START Data for the task

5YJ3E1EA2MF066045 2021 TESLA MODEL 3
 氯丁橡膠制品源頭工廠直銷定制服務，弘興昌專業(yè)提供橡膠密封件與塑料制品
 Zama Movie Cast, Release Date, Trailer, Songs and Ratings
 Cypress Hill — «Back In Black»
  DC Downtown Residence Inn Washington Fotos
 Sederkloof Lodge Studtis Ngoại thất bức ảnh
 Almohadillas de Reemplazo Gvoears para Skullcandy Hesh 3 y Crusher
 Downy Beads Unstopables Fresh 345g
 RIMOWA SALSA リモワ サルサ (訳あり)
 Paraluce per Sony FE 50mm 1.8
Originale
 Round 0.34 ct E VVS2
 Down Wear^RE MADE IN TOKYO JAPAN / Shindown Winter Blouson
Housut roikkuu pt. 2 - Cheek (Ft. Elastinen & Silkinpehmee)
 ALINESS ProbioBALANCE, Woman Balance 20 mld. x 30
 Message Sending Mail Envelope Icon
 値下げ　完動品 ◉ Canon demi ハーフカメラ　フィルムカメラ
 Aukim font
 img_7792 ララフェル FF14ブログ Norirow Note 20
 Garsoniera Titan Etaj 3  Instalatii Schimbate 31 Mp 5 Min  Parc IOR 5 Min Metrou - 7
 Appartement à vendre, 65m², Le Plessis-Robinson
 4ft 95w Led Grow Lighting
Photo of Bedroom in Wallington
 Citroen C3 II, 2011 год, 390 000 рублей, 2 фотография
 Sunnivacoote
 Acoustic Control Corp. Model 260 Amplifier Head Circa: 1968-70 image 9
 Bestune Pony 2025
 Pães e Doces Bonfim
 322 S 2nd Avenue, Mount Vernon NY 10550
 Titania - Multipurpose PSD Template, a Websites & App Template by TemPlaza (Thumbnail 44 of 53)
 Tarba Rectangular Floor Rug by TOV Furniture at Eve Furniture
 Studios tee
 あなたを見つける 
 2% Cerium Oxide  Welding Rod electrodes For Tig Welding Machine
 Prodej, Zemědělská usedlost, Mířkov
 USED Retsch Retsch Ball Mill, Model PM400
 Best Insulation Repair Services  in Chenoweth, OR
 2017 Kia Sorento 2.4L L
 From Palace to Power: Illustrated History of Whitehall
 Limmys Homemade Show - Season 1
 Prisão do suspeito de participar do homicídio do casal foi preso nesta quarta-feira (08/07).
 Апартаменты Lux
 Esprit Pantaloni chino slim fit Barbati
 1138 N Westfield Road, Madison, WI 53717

END Data for the task

-- Your goal --
Restate word for word only the lines running from the beginning of the data to the line holding "Paraluce per Sony FE 50mm 1.8", both included.

-- Result of this task --
5YJ3E1EA2MF066045 2021 TESLA MODEL 3
 氯丁橡膠制品源頭工廠直銷定制服務，弘興昌專業(yè)提供橡膠密封件與塑料制品
 Zama Movie Cast, Release Date, Trailer, Songs and Ratings
 Cypress Hill — «Back In Black»
  DC Downtown Residence Inn Washington Fotos
 Sederkloof Lodge Studtis Ngoại thất bức ảnh
 Almohadillas de Reemplazo Gvoears para Skullcandy Hesh 3 y Crusher
 Downy Beads Unstopables Fresh 345g
 RIMOWA SALSA リモワ サルサ (訳あり)
 Paraluce per Sony FE 50mm 1.8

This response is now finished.